- Source information:

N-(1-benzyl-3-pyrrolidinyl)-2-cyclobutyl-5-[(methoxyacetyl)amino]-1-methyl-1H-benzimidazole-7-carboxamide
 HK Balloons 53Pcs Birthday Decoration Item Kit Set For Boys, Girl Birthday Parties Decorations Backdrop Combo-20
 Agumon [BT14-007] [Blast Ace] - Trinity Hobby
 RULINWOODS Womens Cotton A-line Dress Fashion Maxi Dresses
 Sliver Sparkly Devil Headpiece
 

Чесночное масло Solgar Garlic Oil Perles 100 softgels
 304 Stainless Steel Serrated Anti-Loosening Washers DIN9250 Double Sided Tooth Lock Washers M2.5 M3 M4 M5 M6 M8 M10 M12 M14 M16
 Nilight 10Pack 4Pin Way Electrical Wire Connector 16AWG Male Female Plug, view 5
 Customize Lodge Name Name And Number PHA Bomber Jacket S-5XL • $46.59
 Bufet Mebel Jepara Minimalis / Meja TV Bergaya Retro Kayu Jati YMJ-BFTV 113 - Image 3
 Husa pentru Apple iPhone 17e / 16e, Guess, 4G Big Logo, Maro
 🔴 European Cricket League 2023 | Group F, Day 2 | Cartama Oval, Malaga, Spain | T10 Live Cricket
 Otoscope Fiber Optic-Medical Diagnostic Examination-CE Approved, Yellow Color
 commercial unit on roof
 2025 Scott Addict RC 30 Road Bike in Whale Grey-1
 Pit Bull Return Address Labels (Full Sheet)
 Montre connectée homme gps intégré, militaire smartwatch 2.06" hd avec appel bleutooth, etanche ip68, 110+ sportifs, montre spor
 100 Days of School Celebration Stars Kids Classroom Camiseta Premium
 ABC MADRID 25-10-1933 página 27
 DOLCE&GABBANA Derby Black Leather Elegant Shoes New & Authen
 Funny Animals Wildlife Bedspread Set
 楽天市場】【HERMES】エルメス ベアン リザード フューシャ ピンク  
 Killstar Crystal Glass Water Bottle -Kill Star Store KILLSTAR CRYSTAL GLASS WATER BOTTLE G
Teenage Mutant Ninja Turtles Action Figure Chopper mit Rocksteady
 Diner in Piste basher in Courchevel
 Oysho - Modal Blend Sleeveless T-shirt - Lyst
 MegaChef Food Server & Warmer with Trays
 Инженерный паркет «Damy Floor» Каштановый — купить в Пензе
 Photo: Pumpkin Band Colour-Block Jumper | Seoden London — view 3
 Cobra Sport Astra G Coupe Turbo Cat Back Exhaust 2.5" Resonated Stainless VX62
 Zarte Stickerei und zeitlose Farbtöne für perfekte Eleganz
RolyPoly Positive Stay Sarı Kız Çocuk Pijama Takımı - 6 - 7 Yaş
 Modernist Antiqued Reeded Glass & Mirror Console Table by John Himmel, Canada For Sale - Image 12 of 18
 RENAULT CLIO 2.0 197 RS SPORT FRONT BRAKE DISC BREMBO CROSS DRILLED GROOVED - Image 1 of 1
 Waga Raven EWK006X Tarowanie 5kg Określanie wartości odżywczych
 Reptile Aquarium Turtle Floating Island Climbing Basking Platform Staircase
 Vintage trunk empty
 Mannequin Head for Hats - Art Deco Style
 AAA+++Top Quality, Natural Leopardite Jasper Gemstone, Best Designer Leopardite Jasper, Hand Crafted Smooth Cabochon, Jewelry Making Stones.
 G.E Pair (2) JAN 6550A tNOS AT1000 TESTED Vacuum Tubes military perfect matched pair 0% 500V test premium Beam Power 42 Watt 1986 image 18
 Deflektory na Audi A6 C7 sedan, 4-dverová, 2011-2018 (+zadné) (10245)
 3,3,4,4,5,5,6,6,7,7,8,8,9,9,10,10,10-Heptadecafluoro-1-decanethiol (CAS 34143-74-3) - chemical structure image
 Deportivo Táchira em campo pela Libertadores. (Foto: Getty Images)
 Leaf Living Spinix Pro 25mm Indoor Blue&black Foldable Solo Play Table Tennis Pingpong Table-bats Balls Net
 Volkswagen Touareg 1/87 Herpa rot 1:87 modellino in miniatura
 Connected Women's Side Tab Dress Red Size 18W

- What to produce: Retype exactly the lines above, from the one with "Pit Bull Return Address Labels (Full Sheet)" through the one with "Diner in Piste basher in Courchevel", inclusive.

- Expected output:
 Pit Bull Return Address Labels (Full Sheet)
 Montre connectée homme gps intégré, militaire smartwatch 2.06" hd avec appel bleutooth, etanche ip68, 110+ sportifs, montre spor
 100 Days of School Celebration Stars Kids Classroom Camiseta Premium
 ABC MADRID 25-10-1933 página 27
 DOLCE&GABBANA Derby Black Leather Elegant Shoes New & Authen
 Funny Animals Wildlife Bedspread Set
 楽天市場】【HERMES】エルメス ベアン リザード フューシャ ピンク  
 Killstar Crystal Glass Water Bottle -Kill Star Store KILLSTAR CRYSTAL GLASS WATER BOTTLE G
Teenage Mutant Ninja Turtles Action Figure Chopper mit Rocksteady
 Diner in Piste basher in Courchevel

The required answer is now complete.